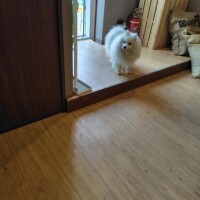 カフェにワンちゃん🐩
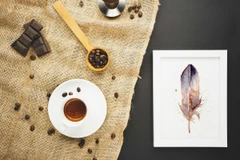 Image of a feather watercolor painting by Shayna Larsen, originals & prints available
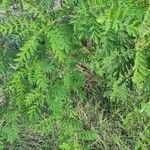Indigofera suffruticosa ഇല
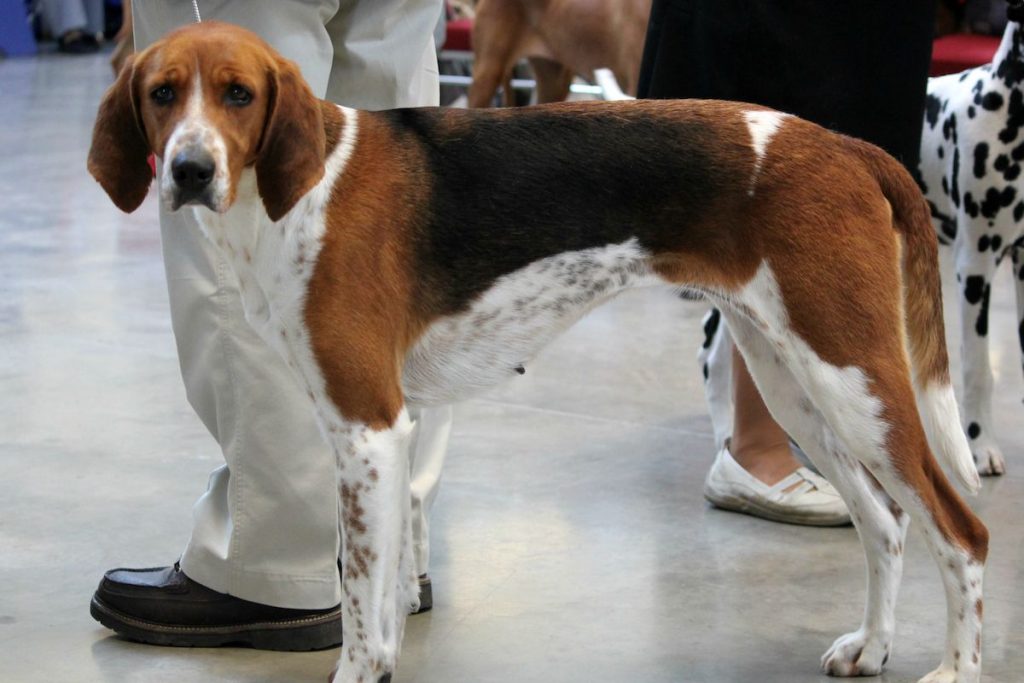 A Female American Foxhound at a Dog Show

■ **PROBLEM**
Could you give back the full listing word for word, leaving out the images?

■ **EXERCISE RESPONSE**
 カフェにワンちゃん🐩
 Image of a feather watercolor painting by Shayna Larsen, originals & prints available
Indigofera suffruticosa ഇല
 A Female American Foxhound at a Dog Show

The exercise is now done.